Editorial: We're not coddled, we're compassionate

By The Beacon | February 10, 2016 3:48pm

trigger-warnings
Cartoon by Nathan DeVaughn

Our generation has been accused of perpetuating a “Coddle Culture,” in which we impose strict limitations on people’s expression for the sake of others’ comfort or our own. Critics have cited the use — or the request — of trigger warnings as one example of our generation’s inability to address difficult, and sometimes upsetting, topics. Even The Atlantic wrote an article about the consequences of “coddling the American mind,” and argued that college students are demanding “protection from words and ideas they don’t like.”

Other critics say political correctness and requests for trigger warnings stunt individual growth and stifle important dialogue. They also accuse these requests for trigger warnings on syllabi or before specific classroom discussions as favoring feelings above facts.

While the use of trigger warnings and the emphasis on political correctness are not inherently the same issue, they stem from the same desire: to be thoughtful of varying experiences, and to be compassionate toward others.

Unlike some critics’ definitions, “political correctness” doesn’t mean that certain topics are “off-limits” or that talking about controversial topics must always be done in a sterile, unemotional way. In fact, it’s the opposite. To be politically correct is to continue to have the really difficult conversations, but to do so with openness and compassion, with flexibility of thought and an understanding that everyone’s experiences are different. Being politically correct is listening to someone’s point of view, allowing them to express when something makes them upset/uncomfortable, understanding why it was upsetting and trying to speak and behave accordingly.

A desire to be politically correct is not a desire to censor people’s thoughts. In fact, it’s a desire to ensure that everyone’s thoughts can be expressed in the most effective way possible.

If someone is offended by the way you speak or behave, they’re less likely to listen to what you have to say. Have you ever had a professor that yells a lot? Or a classmate that complains too much? After a while, we begin to shut those voices out. We stop paying attention because that method of communicating no longer is effective.

The same is true for political correctness: Using derogatory names or slurs is not an effective way of communicating. Your thoughts and feelings are valid, but communicating them effectively, without causing undue offense, increases your odds of being heard tremendously.

The use of trigger warnings can be applied to this same line of thinking. Requesting that a professor give his or her students warning before showing and discussing potentially upsetting class materials is not an attempt to stifle discussion or protect students from difficult conversations. Trigger warnings are, again, an attempt to create a safe space for effective communication. If students aren’t prepared to talk about upsetting material, they’ll most likely tune out and be poorer participants in classroom discussion — which could be detrimental to everyone’s educational experience.

The use of trigger warnings can actually be used as an entry point into important class discussions, because professors can discuss why it's still important to learn about and discuss those potentially upsetting topics. Allowing people to ease into difficult conversations is not “coddling” them. It’s treating them with compassion and respect.

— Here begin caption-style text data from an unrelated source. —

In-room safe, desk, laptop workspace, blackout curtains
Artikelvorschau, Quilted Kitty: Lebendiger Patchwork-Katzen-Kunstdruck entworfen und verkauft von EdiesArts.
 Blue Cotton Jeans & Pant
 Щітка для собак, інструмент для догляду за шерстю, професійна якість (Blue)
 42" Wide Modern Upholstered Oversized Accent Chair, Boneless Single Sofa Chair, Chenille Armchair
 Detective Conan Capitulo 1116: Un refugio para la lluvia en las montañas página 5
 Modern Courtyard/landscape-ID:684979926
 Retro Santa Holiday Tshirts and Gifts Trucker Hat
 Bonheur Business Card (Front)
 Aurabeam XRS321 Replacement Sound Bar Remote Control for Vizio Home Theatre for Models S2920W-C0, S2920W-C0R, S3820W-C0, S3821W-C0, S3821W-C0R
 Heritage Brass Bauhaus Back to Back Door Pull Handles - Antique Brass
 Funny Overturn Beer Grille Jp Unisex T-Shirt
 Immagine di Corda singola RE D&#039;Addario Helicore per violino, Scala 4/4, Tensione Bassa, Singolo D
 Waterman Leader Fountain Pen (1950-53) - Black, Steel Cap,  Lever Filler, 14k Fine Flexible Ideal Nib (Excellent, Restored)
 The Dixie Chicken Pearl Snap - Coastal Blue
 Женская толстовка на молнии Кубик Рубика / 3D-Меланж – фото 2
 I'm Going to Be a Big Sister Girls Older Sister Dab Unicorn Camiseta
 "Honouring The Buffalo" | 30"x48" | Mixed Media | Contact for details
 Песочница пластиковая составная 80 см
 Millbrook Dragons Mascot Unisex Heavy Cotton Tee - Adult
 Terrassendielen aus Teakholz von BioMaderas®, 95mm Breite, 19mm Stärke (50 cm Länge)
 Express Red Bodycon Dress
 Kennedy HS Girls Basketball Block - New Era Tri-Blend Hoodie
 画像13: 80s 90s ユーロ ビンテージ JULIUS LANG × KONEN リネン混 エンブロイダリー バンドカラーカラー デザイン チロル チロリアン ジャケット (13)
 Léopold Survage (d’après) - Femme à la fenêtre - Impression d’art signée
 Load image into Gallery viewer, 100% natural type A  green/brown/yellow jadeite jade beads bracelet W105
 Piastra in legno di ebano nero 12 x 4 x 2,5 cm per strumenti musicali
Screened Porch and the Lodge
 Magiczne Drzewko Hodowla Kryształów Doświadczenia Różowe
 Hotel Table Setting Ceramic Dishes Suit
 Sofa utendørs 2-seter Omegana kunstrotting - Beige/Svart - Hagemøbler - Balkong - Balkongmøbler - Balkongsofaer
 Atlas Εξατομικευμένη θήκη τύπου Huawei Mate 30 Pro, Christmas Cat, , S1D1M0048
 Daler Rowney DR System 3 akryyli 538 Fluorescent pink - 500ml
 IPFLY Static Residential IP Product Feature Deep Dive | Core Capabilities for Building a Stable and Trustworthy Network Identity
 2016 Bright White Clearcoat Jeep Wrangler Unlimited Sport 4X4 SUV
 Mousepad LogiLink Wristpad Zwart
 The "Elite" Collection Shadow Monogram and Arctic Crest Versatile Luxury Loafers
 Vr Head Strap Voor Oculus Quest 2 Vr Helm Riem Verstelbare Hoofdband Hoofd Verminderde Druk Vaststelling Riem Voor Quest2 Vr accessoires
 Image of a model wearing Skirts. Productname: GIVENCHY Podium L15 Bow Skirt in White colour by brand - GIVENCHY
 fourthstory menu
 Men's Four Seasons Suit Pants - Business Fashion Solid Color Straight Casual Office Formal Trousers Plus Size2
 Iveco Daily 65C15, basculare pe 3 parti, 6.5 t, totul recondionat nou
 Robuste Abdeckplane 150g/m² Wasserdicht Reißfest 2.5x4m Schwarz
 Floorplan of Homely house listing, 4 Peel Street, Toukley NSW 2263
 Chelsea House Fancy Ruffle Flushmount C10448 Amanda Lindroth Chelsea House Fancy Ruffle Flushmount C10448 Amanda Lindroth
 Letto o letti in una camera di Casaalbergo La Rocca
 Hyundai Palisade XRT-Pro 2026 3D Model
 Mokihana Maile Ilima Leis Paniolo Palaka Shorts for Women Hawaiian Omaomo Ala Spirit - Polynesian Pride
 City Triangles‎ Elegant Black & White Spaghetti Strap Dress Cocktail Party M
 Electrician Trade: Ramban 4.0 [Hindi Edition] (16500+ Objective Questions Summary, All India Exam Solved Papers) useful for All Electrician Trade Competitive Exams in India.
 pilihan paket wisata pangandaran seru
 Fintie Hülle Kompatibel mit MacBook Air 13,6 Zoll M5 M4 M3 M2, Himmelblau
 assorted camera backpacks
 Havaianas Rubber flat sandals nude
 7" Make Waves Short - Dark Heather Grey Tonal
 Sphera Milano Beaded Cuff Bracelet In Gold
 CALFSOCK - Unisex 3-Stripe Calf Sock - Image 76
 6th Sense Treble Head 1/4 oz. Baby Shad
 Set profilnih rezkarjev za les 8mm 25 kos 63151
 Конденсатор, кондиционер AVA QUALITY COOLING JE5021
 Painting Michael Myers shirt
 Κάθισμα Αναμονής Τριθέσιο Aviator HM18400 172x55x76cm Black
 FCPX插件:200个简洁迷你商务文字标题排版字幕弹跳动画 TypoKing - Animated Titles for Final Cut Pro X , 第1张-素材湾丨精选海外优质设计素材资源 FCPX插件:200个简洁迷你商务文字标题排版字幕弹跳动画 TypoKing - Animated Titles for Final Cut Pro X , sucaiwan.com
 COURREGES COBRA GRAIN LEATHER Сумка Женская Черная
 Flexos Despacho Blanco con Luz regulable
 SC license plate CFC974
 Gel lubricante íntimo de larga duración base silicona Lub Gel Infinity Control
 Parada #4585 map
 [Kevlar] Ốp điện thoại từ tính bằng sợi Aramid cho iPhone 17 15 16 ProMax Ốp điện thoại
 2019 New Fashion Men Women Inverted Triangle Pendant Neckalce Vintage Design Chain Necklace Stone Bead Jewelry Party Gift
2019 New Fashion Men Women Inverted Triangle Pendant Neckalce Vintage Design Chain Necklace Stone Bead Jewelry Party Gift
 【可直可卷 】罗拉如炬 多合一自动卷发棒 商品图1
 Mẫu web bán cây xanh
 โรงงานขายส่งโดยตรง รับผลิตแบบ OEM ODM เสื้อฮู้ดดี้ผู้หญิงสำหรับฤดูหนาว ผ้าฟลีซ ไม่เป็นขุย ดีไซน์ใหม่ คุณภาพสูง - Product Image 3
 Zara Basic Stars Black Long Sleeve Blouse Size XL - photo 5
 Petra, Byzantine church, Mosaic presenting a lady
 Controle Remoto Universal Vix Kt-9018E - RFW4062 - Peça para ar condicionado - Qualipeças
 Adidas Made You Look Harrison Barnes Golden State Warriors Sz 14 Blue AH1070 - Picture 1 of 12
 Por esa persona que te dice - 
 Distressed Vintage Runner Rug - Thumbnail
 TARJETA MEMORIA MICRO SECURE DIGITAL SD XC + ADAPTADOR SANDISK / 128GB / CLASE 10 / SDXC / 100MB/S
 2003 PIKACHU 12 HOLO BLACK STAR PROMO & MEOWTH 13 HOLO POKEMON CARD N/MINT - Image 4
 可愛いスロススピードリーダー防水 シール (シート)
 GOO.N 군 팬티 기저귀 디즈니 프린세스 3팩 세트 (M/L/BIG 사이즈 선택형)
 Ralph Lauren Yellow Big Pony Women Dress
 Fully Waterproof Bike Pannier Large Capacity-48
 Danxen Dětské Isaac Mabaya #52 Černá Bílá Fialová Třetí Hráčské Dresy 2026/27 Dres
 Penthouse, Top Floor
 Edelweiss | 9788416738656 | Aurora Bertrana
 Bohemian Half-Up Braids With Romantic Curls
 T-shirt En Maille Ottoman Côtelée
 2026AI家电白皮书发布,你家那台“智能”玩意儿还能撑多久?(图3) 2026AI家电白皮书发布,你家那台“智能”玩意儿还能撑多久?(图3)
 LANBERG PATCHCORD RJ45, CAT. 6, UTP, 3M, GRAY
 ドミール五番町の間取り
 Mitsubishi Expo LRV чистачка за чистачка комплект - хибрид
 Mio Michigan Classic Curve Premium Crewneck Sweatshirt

The request for trigger warnings, like the request for political correctness, is not some quasi-totalitarian agenda attempting to squash all forms of individual expression. It’s not an attempt to infringe on free speech. It’s an attempt to open speech, so that everyone can participate without being marginalized (or even re-traumatized) by the words and images people choose to use to make their point.

We want professors and students to consider the importance of safe spaces for open (if sometimes controversial) dialogue and the role they play in either creating, maintaining or destroying those safe spaces with their language and behavior.

Being an effective communicator doesn’t mean unapologetically relaying the “facts,” or voicing our opinion. Being an effective communicator means approaching every conversation, every interaction, with humility and compassion and an understanding that all dialogue should be made in the pursuit of shared understanding, not in division or ostracization.